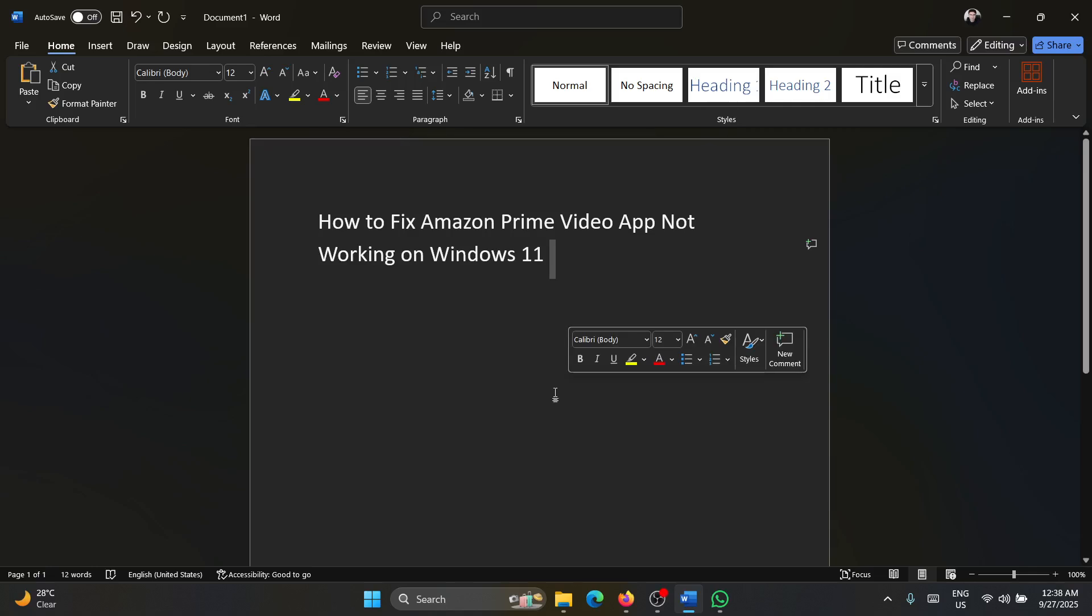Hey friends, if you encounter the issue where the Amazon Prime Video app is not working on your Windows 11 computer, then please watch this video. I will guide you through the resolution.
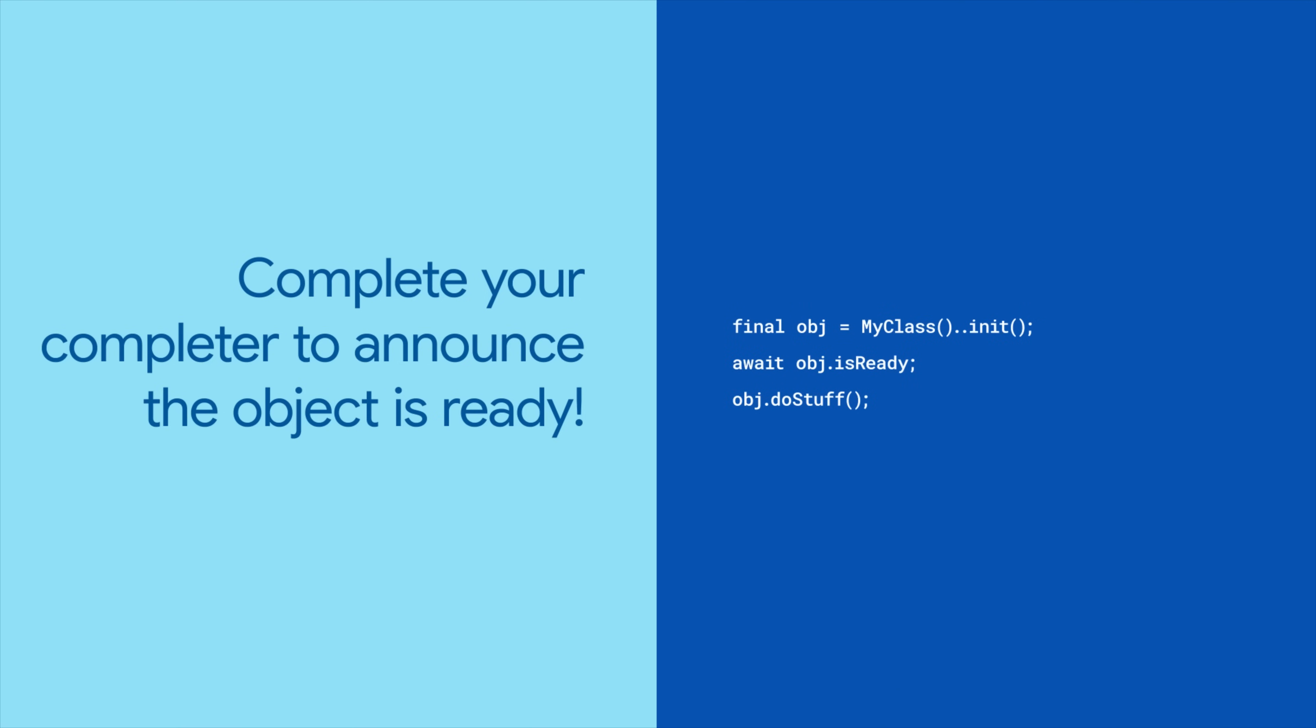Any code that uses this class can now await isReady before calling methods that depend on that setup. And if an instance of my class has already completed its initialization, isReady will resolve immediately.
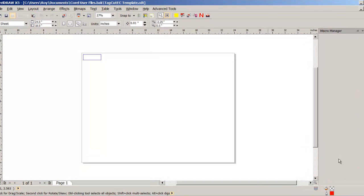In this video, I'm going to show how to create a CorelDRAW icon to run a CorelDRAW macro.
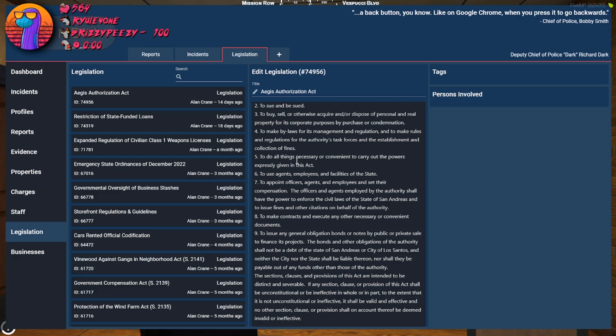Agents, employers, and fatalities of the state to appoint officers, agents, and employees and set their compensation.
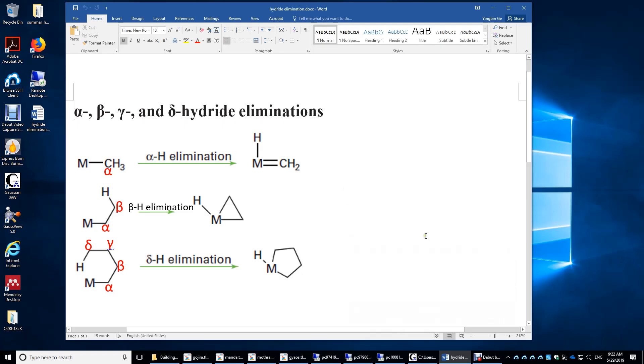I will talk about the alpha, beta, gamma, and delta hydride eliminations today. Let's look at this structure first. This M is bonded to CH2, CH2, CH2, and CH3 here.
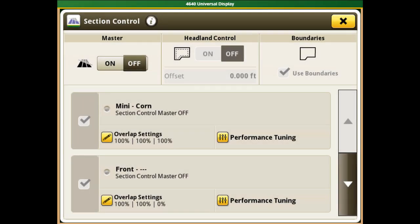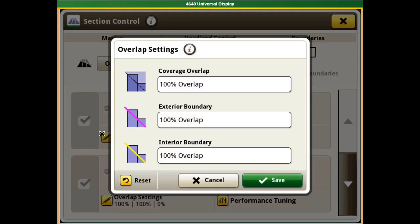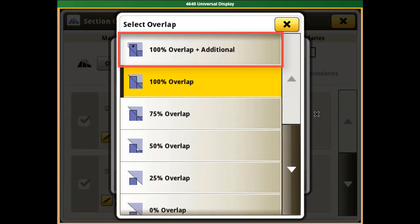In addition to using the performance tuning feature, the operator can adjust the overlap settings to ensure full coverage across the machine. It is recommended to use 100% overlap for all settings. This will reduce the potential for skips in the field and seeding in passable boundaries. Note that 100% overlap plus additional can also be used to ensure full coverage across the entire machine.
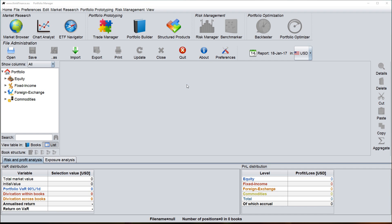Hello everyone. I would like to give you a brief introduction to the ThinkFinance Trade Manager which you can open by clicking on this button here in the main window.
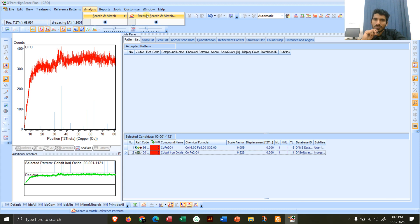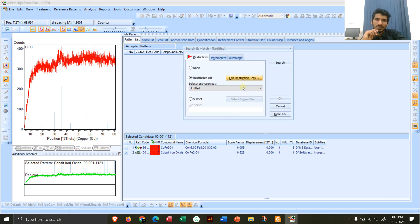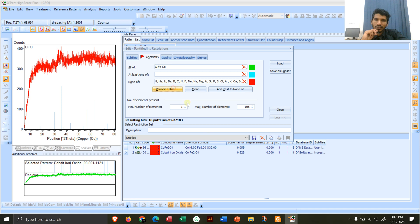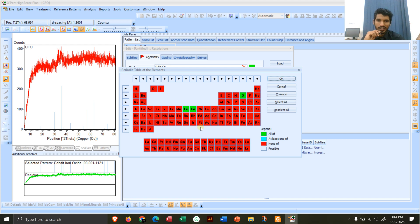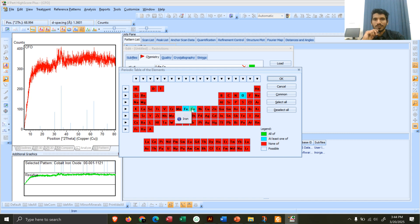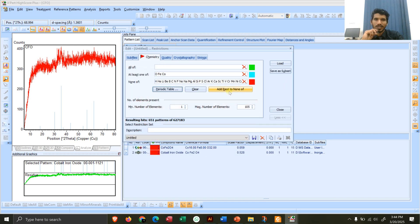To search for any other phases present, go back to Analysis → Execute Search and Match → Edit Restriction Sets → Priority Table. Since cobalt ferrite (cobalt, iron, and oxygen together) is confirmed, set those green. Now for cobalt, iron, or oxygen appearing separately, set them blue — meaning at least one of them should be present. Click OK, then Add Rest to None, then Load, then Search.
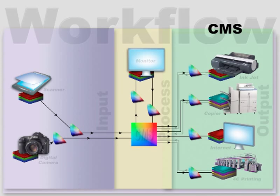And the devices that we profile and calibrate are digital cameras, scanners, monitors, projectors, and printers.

# Exercise:
Repeat exactly, and only, the entries from the line with "Agents, employers, and" through the line with "Hello everyone. I". Pictures are skipped.

# Reply to the exercise:
Agents, employers, and fatalities of the state to appoint officers, agents, and employees and set their compensation.
I will talk about the alpha, beta, gamma, and delta hydride eliminations today. Let's look at this structure first. This M is bonded to CH2, CH2, CH2, and CH3 here.
In addition to using the performance tuning feature, the operator can adjust the overlap settings to ensure full coverage across the machine. It is recommended to use 100% overlap for all settings. This will reduce the potential for skips in the field and seeding in passable boundaries. Note that 100% overlap plus additional can also be used to ensure full coverage across the entire machine.
Hello everyone. I would like to give you a brief introduction to the ThinkFinance Trade Manager which you can open by clicking on this button here in the main window.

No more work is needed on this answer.